**GIVEN RECORDS:**
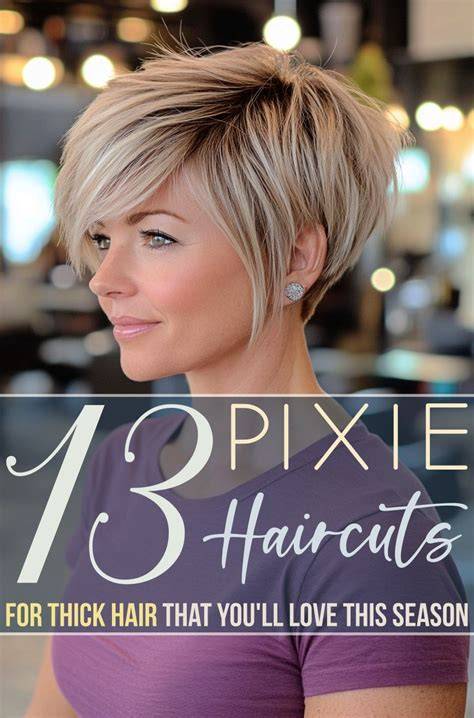 Cute Short Thick Pixie Haircut Short Hairstyles Haircuts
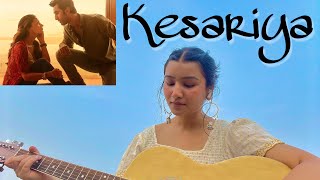 Kesariya  Arijit Singh  Brahmastra  Ranbir Alia  Female Guitar Cover by Anshika🧡 [upl. by Meekyh]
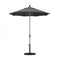 California Umbrella - 7.5' - Patio Umbrella Umbrella - Aluminum Pole - Charcoal - Sunbrella  - GSCUF758010-54048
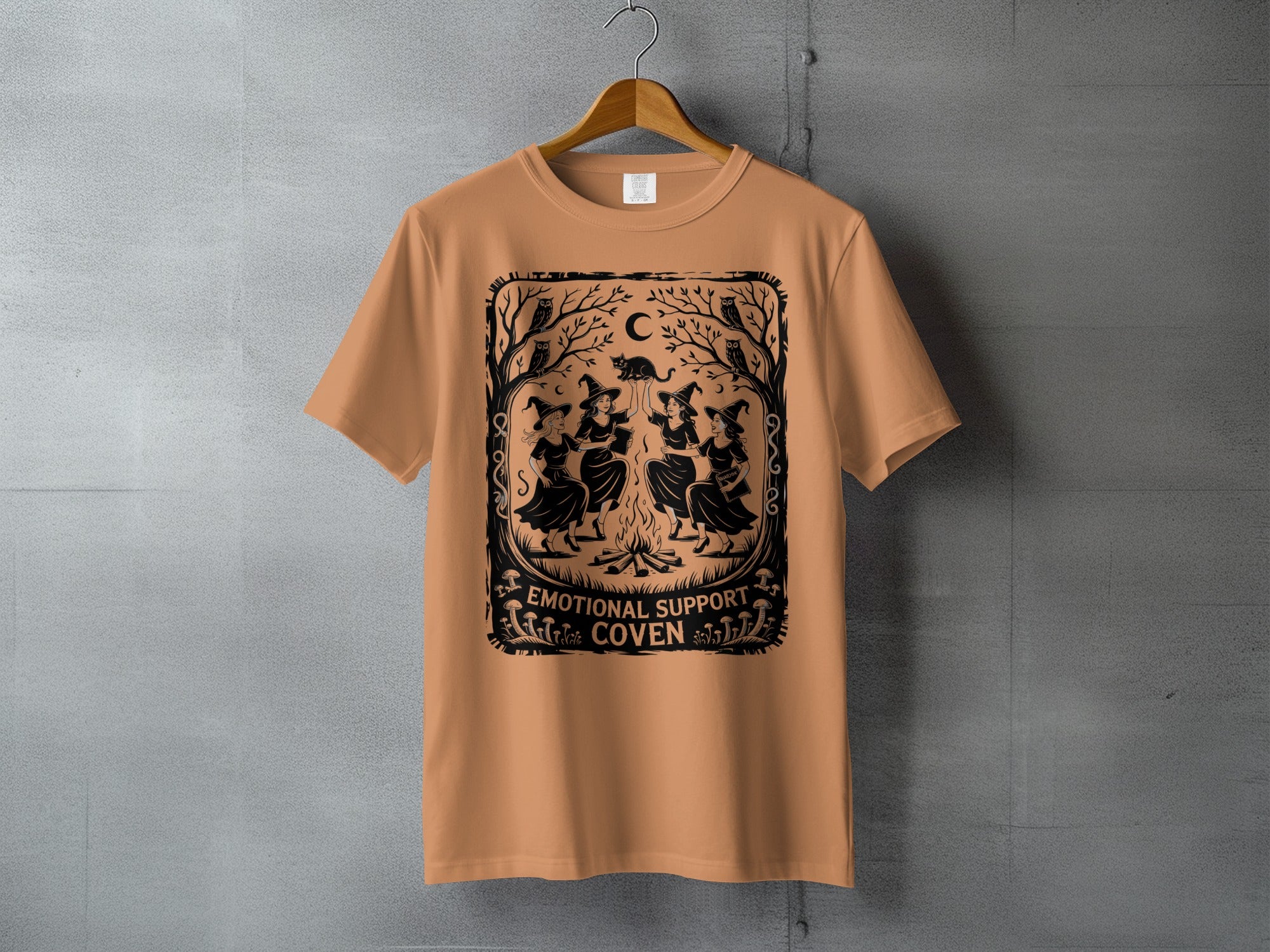 Emotional Support Coven Witches Black Cat Owls product type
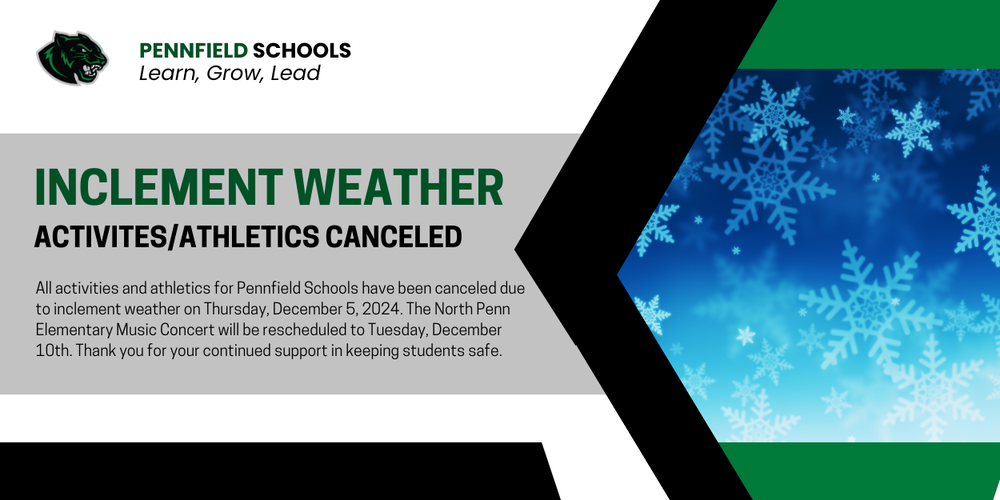Inclement Weather - Activities/Athletics Canceled (12/5/24)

**WHAT THE EXERCISE ASKS:**
Only exact repeats of the lines from the one containing "[upl. by Meekyh]" through the end of the listing above are wanted here; pictures are not.

**SOLUTION TO THIS EXERCISE:**
 Kesariya  Arijit Singh  Brahmastra  Ranbir Alia  Female Guitar Cover by Anshika🧡 [upl. by Meekyh]
 California Umbrella - 7.5' - Patio Umbrella Umbrella - Aluminum Pole - Charcoal - Sunbrella  - GSCUF758010-54048
 Emotional Support Coven Witches Black Cat Owls product type
Inclement Weather - Activities/Athletics Canceled (12/5/24)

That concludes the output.